Higher Disk usage after Upgrade to ES 2.4.3


we are running an 9 machine Elasticsearch cluster at the company I work at. This cluster is running Elasticsearch 1.7.3. We have two indices in this cluster, one using 4.3GB and one using 312GB of disk.

Last week we started a task force to upgrade our cluster to Elasticsearch 2.4.3, so we've deployed a new cluster running the new version of Elasticsearch, and configured a Logstash instance to consume from our S3 backup and index the documents in your new cluster. The larger index is using 950GB and the smaller one is using 6.9GB. The document count for both indices remain really similar, less than 100 000 documents different for a 10 billion document index.

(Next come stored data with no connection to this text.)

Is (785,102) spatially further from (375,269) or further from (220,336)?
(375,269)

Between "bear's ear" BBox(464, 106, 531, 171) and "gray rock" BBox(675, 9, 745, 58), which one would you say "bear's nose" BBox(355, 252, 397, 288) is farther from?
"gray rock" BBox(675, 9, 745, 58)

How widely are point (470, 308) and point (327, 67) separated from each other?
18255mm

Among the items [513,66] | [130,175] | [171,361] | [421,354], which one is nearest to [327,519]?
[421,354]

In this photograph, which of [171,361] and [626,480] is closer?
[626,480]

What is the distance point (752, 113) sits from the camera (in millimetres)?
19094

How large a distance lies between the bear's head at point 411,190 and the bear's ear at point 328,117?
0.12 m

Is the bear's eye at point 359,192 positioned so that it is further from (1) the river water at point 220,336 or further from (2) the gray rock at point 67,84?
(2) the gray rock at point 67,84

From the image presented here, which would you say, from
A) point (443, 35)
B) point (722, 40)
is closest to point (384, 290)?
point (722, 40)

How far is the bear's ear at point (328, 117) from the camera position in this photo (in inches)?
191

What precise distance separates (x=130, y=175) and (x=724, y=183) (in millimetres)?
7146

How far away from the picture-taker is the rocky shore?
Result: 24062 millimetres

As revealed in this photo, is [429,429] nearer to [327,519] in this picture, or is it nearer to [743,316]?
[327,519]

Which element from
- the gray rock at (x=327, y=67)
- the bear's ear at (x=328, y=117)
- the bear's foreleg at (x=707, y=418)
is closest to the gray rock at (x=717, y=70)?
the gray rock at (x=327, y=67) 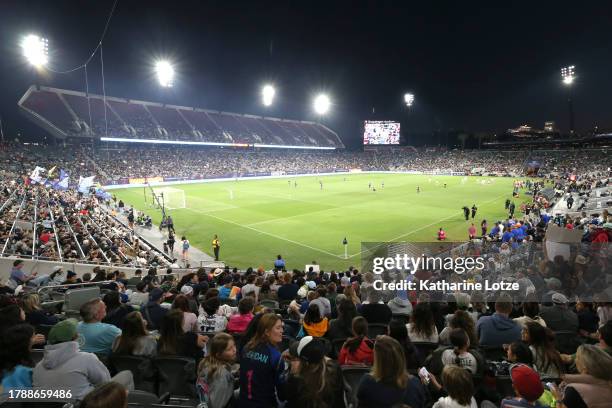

The only changes we've made in the indices mappings was changing from "index_analyzer" to "analyzer" in some fields, due to "index_analyzer" not beeing a valid configuration anymore.

Do this disk usage increment make any sense? Is newer versions of ES consuming more disk thank before?

Thanks in advance.


probably a stupid question: have you diffed your mappings? All differences as expected? No _all field accidentally enabled, etc?

Are you using doc values? Are the values stored very sparse?


Hi, thank you for your answer.

You were right about doc_values, it wasn't enabled by default in the version I was using.
The disk consumption is back to what it was before.

Thank you very much!

This topic was automatically closed 28 days after the last reply. New replies are no longer allowed.